As far as I can tell from later stories (e.g. 1, 2), what Amazon actually did was build a tool to show recruiters 'quality' predictions for all resumes, for instance as they scrolled LinkedIn. But they trained it on resumes submitted to Amazon for various positions, possibly also adding weight to resumes which produced hires.

In which case the problem is painfully obvious; the system effectively had no negative training data, and its positive examples (submitted resumes) didn't actually match the desired output (qualified resumes). It was computing degree of similarity between a gender-neutral-ish pool (resumes posted online) and a gender-skewed pool (resumes submitted to Amazon), and tried to make that conversion with whatever data was available - like devaluing resumes that mentioned women's colleges. (This wasn't just a proxy-variable thing, the model essentially learned to weight on gender.) Amazon's team apparently caught this issue and did the usual things like blinding on those words. But they were scared of uncaught factors; reading between the lines, they were unable to "detrain" biases like neural nets do because their dataset and task didn't match.

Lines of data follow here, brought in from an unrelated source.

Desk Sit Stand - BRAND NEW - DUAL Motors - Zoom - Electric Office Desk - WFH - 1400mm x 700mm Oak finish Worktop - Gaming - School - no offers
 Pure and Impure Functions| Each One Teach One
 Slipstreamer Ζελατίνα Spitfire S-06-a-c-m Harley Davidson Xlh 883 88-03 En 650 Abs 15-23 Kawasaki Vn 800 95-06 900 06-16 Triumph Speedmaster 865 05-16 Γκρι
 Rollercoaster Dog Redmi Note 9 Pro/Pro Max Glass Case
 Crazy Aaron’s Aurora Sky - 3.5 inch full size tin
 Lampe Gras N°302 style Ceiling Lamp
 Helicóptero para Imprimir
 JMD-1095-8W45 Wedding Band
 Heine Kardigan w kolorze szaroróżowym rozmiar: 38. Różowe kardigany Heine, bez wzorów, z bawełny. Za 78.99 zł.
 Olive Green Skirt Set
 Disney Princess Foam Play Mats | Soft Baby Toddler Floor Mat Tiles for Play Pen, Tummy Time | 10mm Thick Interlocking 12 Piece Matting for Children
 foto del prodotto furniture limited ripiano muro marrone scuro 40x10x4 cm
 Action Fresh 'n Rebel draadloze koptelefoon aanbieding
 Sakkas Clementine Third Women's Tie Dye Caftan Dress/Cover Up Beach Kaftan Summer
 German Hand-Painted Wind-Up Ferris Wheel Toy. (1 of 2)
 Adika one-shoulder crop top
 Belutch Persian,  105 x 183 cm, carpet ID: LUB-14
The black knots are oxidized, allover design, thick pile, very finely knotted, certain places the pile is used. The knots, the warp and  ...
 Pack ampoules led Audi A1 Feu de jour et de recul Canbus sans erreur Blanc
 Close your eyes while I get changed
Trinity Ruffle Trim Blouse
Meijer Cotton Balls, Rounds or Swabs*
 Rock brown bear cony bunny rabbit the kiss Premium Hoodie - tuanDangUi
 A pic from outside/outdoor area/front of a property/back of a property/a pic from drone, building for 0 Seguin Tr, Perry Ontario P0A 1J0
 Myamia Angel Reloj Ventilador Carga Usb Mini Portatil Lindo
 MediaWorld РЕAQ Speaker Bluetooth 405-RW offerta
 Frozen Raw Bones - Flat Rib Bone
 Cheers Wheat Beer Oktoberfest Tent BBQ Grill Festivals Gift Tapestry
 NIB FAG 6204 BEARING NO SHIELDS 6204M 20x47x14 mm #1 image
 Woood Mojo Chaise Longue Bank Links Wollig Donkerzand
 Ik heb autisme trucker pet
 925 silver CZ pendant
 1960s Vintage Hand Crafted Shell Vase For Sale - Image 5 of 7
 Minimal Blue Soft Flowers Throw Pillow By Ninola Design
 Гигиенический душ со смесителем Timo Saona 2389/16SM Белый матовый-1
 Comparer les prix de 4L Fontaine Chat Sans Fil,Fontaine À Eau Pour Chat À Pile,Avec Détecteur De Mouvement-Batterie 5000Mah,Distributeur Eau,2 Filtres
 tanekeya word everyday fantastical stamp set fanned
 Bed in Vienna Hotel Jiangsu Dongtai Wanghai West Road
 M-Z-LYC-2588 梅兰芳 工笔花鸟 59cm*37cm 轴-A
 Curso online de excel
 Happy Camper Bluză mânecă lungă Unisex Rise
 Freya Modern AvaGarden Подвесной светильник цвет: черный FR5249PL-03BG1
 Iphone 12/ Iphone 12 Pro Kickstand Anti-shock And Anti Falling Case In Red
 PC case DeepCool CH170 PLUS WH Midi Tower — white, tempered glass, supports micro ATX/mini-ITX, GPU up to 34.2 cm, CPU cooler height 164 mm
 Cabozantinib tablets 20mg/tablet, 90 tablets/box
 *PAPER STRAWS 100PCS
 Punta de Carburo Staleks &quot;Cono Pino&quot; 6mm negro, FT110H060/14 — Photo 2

Ultimately, the tool was apparently scrapped because it made selections "almost at random". Which, again, isn't exactly surprising in light of the absolutely bonkers choice of training examples.

[1] https://www.aclu.org/blog/womens-rights/womens-rights-workpl...

[2] https://www.ml.cmu.edu/news/news-archive/2018/october/amazon...

That wouldn't matter if the KPI (worker performance) being predicted, which is inherently biased as well, was distributed differently among the balanced pool of applicants.
Just remove the gender/sex as variables for the AI and maybe name too. Preprocess the resumes to remove them. Now you remove the majority of gender bias for the AI.
AI is really good at infering information. If gender is a real signal, it would be very difficult to filter the input such that it is not making a determination by what could be reffered to inferred gender.